The final part of Rígas’
New Political Order
is his
thoúrios
or battle song, still popular in Greece. It is in the galloping metre of a traditional Greek brigand ballad, as reproduced in this translation, and opens with the lines:

Shall we live in the mountain passes, like warriors of old?

Shall we live alone like lions, on the top of the mountain ridge?

Shall we live in caves in darkness, shall slavery drive us away?

Shall we say farewell to our family and to our beloved land?

No! Better an hour of freedom, than forty years as a slave.

 

Similarly, the oath against tyranny begins:

O Lord of all creation, I solemnly swear to Thee

Never to act as tyrants do and never be slave to them.

 

And concludes:

And if this oath is broken, may lightning strike me down,

And may I be burnt to nothing and vanish like smoke on the wind.
20

 

But even in the full flow of revolutionary fervour Rígas maintains his ecumenical vision. The revolution is to be not against the Turks as such but against tyranny. Thus Turks are summoned to join in the coming struggle and not only the Turks; in the course of some twenty lines Rígas calls for support from Bulgarians, Albanians, Armenians and Arabs, and from the people of Malta, Egypt and Aleppo, and says to them:

We who suffer under the yoke, let us kill the ravening wolves

Who keep us in harsh subjection, Christian and Turk alike.
21

 

Rígas’ revolutionary enthusiasm and writings ultimately brought his undoing. At the end of 1797 he was in Vienna intending, as he told friends, to travel with companions first to Trieste, also in Austrian territory, and then to stir up revolt in the Peloponnese and in northern Greece and Albania. He had been informed that the Greeks were ‘roaring like lions’.
22
He sent ahead to a friend in Trieste boxes containing many copies of his writings, clearly intended for distribution in Greece, with an accompanying letter to his friend. This friend was away, and his business partner opened the letter. The letter has not survived, but the business partner was alarmed by its contents and handed it to the Austrian authorities. After Rígas had reached Trieste there was a knock on his hotel bedroom door in the middle of a December night; Rígas was arrested and his boxes seized.

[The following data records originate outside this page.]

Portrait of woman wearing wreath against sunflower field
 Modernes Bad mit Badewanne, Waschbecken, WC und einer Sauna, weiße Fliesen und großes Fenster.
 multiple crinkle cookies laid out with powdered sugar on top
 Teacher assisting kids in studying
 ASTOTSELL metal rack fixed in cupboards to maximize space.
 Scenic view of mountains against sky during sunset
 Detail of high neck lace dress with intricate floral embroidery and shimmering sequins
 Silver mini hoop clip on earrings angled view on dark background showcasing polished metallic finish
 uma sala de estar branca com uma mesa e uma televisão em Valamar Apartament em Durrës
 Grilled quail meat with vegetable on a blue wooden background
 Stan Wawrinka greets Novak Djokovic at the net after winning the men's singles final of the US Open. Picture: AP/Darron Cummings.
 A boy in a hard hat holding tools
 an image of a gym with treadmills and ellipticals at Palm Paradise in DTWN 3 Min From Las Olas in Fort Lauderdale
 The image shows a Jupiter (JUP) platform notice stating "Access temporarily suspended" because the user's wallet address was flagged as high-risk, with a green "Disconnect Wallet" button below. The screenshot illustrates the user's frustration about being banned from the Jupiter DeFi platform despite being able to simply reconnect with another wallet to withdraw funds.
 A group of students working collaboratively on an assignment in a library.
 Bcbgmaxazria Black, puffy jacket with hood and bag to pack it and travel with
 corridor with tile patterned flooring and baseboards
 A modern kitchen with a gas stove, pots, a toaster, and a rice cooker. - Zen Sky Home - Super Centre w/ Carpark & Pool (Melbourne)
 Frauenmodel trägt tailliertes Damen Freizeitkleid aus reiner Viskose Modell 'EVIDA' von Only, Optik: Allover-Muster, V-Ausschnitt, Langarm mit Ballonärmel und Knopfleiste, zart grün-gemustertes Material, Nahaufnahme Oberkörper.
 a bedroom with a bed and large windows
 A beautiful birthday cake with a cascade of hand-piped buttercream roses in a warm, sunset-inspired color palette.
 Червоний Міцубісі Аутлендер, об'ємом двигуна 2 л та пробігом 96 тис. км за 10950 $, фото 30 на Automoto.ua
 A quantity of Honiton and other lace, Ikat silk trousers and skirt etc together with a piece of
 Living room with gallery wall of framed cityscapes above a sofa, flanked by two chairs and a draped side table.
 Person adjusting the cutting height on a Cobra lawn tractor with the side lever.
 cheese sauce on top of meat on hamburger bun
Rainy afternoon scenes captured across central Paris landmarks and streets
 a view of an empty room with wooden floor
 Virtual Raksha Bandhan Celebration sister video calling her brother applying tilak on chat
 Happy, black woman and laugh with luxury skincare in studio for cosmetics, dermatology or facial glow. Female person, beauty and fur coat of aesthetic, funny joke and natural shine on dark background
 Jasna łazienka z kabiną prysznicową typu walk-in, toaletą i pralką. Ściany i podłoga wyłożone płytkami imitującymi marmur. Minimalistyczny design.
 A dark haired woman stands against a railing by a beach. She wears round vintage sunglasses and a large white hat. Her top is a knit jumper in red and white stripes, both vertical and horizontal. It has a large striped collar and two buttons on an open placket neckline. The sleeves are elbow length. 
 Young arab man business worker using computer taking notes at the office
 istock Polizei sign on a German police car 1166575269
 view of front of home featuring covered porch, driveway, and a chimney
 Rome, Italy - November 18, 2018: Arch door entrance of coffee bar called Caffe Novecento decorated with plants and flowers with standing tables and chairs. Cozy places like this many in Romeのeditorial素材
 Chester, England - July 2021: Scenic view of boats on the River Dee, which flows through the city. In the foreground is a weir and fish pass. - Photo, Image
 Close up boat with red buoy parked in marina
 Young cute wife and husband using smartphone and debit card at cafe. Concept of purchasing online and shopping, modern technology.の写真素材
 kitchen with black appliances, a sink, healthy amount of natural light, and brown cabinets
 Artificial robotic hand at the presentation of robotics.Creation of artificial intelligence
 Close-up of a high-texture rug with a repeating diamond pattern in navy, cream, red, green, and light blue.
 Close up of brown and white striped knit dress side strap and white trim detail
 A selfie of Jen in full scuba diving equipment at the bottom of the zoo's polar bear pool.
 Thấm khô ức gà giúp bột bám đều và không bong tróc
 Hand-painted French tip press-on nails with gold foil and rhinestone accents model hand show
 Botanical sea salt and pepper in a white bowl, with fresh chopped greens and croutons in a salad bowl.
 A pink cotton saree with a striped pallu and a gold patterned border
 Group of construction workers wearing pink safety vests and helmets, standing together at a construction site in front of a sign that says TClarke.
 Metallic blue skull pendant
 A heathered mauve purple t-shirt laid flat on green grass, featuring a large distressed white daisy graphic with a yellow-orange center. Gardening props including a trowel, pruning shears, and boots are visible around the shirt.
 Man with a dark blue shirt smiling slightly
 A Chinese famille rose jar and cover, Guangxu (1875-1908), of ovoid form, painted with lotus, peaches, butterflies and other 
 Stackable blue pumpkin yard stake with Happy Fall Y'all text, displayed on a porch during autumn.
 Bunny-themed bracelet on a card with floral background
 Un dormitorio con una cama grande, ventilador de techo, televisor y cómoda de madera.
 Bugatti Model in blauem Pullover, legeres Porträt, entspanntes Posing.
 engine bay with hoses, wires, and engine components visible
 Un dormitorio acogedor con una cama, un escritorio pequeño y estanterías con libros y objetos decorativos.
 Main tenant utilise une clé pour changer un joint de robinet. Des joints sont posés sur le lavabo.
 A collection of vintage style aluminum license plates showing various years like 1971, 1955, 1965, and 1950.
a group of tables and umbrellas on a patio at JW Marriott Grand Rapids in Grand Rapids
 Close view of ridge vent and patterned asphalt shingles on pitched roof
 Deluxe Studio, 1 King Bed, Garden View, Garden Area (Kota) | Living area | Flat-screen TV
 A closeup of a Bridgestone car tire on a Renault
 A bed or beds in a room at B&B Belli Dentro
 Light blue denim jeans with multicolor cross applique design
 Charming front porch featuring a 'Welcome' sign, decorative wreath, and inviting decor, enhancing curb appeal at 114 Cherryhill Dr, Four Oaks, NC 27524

By the end of February fourteen suspects, including Rígas, were under arrest. Six were Austrian subjects and sent into internal exile in Leipzig, from where they all later returned. The other eight, including Rígas, were Ottoman subjects and handed over to the Ottoman authorities. The Austrians were very willing to cooperate with the Ottomans as for some years both had been facing local unrest. Pasvanoglu Osman, nominally a Turkish pasha, had been trying since 1792 to carve out for himself, at the expense of both Austria and Turkey, an independent fiefdom based on the Danube town of Vidin. The Austrians feared that their subjects too might be stirred to revolt by a rising in Greece, and within a few weeks of Rígas’ arrest the Greek newspaper
Ephimerís
was closed. The Turkish ambassador to Vienna wrote to the Austrian police chief: ‘Now more than ever great monarchs must support each other in order to oppose effectively this general political disorder.’
23
This cooperation precluded any trial in court, which none of the suspects ever faced.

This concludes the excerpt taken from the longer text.